The cabin that served as the checkpoint was buzzing with rushed volunteers waiting on sweaty athletes. "Be quick, be quick", I repeated to myself as I entered the cabin. Quickly, I surveyed the scene trying to figure myself into it. I needed food, a refill of my Camelback, coke, and food. Oh, one more thing I needed to be sure not to forget: FOOD! I was starving for real substance in my stomach. It was 5:00 p.m., I'd been riding steady since 7:00 a.m. in difficult conditions. There was no rest, ever, just constant pedaling and pushing the rig up hills. I felt pretty worked over. I smiled to myself when a volunteer made an announcement to the shelled men in the cabin, "If any of you need or want anything, raise your hand", I and about five other guys instantly raised our hands. In 20 minutes I got my camel back refilled and consumed, three grilled cheese sandwiches, a bowl of chicken wild rice soup, three M&M cookies, a bowl of potatoe chips, and five cokes. I was still hungry, but figured I needed to get out of there. While shoveling the above mentioned food into me a pivotal thing happened. I had been listening to a story being told by a polite gentleman on my left. He was small in stature, but alarmingly fit. He spoke in a manner in which only the important stuff came out, I liked that. He was the type of man that made me think, "I want to be like him some day". It was Lindsay Gauld. My friend Charlie had told me about Lindsay many times and he spoke of him in a way that put Lindsay up on a very high pedestal. As far as I'm concerned, it's Lindsay's world and we're all paying rent. He is a former 1972 Canadian cycling Olympian, he's in the Cycling Hall of Fame, and he's accomplished so many jaw dropping feats that he dines at the table of Mallory and Shackelton. I couldn't leave that cabin without introducing myself. "Excuse me, my name is Tim Ek, I'm a friend of Charlie Farrow's", I said intending to explain my interruption of his story further, but I couldn't. He immediately stated that he'd read stories of Charlie's that included me and that he was glad to meet me. We had a brief chat and I told him that I needed to move on down the trail. The 30 seconds I spent talking to Lindsay Gauld in that cabin would prove to be the most important 30 seconds of my day.

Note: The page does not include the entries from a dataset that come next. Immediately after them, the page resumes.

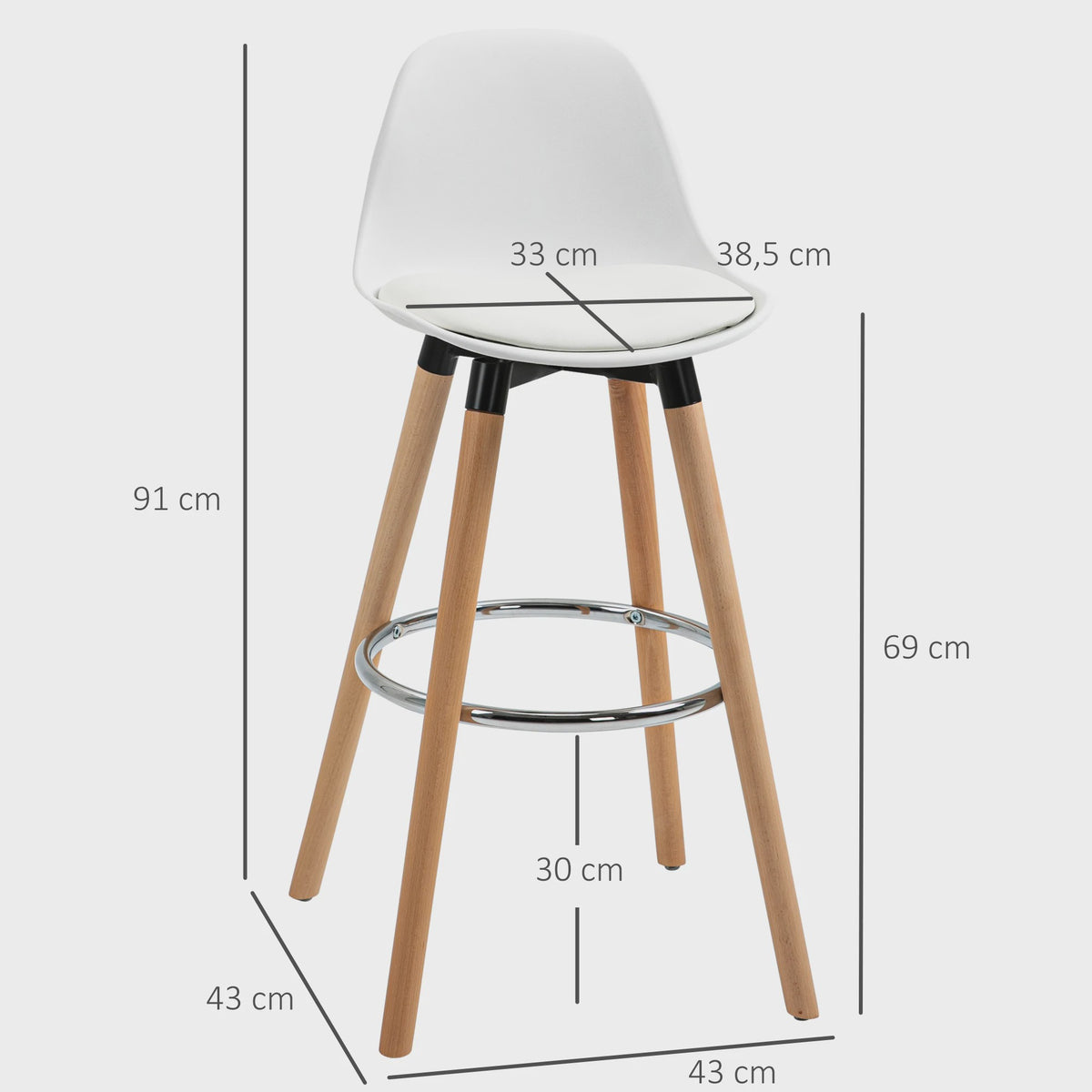 Set van 2 Luxe Barstoelen met Witte PU Bekleding en Houten Poten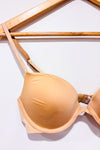 Soutien-gorge beige push-up plunge avec bretelles convertibles (34B)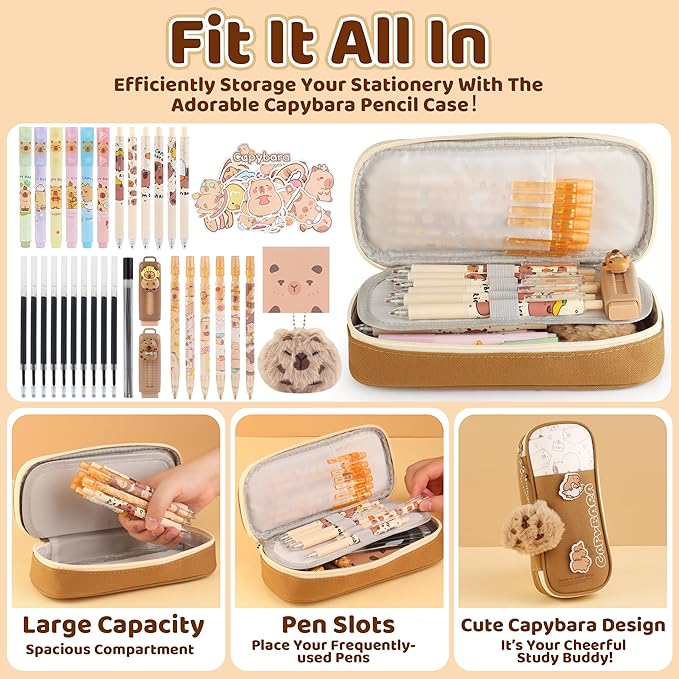 Capybara Gifts Box, Cute Capybara Toy for Girls Kids for Back to School, Birthday, Christmas Gifts with Pencil case, Highlighters, Gel Pens, Pencils, Erasers, Stickers, Sticky Notes, Fuzzy Pendant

After receiving direction on my exit strategy out of the cabin proper and back on course I made my way to my bike. Situated and riding the Arrowhead trail again, I reviewed what happened back in that small cabin on a lake I'd never heard of. "You just met a man who lives a life larger than most could ever dream of." It was pretty cool and I felt good about it. Now, Charlie warned me that this leg of the race was "hilly". I was ready and I knew all I had to do was push my bike up, then jump on and enjoy the downhill on the other side. Well, a few hills came and went, then things just settled into a very flat, long section. "That was no big deal", I thought. I was moving through the leg pretty well and had no worries. My mind wandered back to the discussion in the cabin. Another man seated at our table was talking about a weather forecast he'd seen that mentioned possibly three inches of snow between 9 p.m. and midnight. I wasn't worried because I'd be almost done by then anyway. If I had to ride for a few hours in some fresh snow, it would only be for a few hours.
It's weird when you ride for an entire day. An hour of time takes on a new perspective as if it's five minutes. In real life it's common to tell someone that you'll be there in ten minutes and think nothing of it. In an all day riding situation it lifts your spirits to consider that you'll be there in three hours. An hour becomes a small increment in time, that seems so insignificant. The hours were passing me by and I wasn't even aware of it. My whole existence had shrunk to the "black and white" winter world I lived in, the hill in front of me or the bend in the trail up ahead.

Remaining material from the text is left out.